Exercise goal:
What is needed here is an exact repetition of the records below, beginning at the line that has "Star Sidewinder 173-175g blau" and stopping after the line that has "Traveler Swim Trunk".

Data section:
--

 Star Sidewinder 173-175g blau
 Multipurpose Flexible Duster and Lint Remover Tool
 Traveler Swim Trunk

--

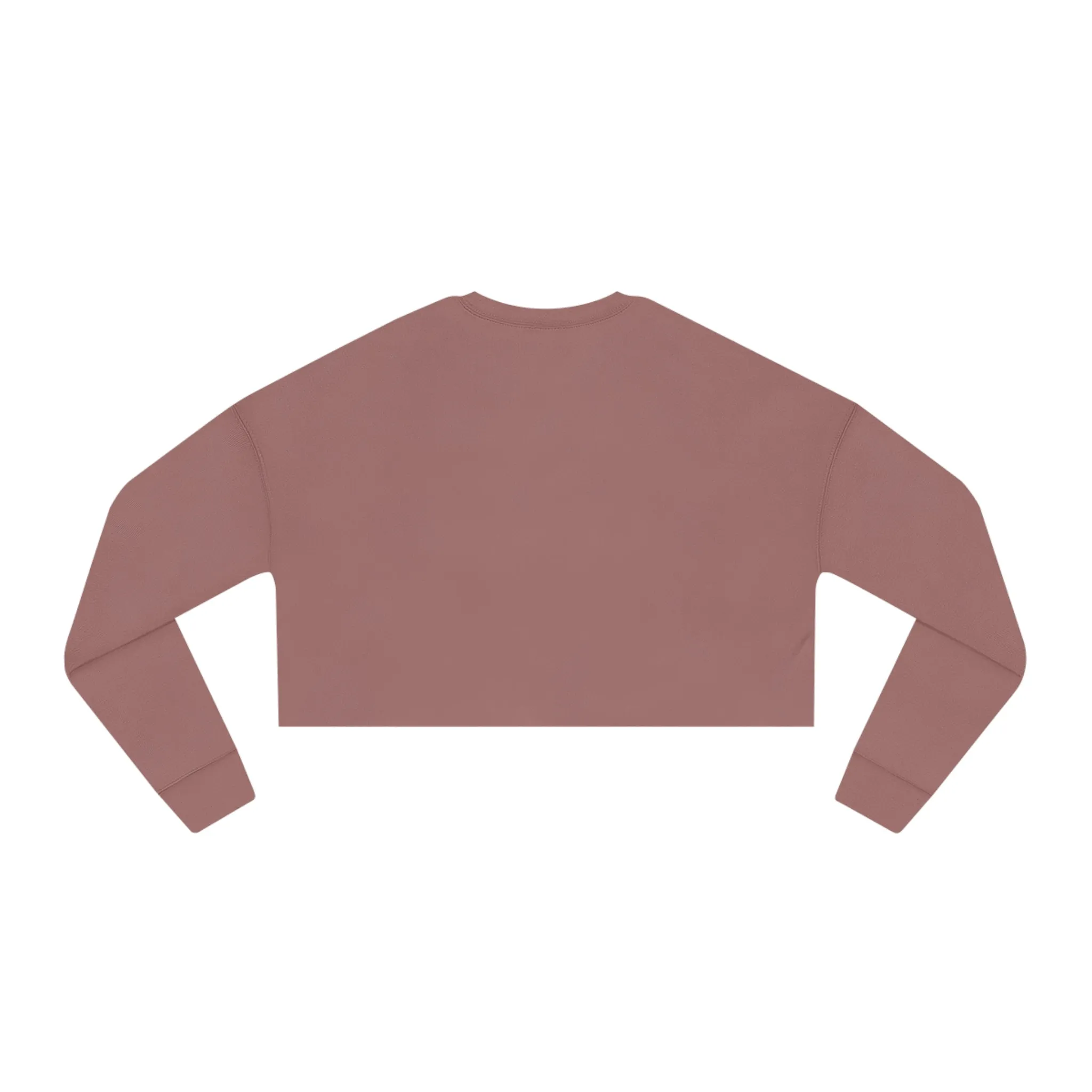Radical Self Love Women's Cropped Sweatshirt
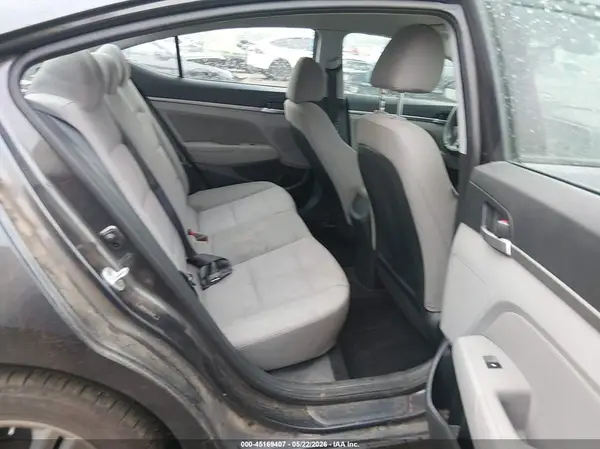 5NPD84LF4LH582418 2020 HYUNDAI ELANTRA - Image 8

--

Answer space:
 Star Sidewinder 173-175g blau
 Multipurpose Flexible Duster and Lint Remover Tool
 Traveler Swim Trunk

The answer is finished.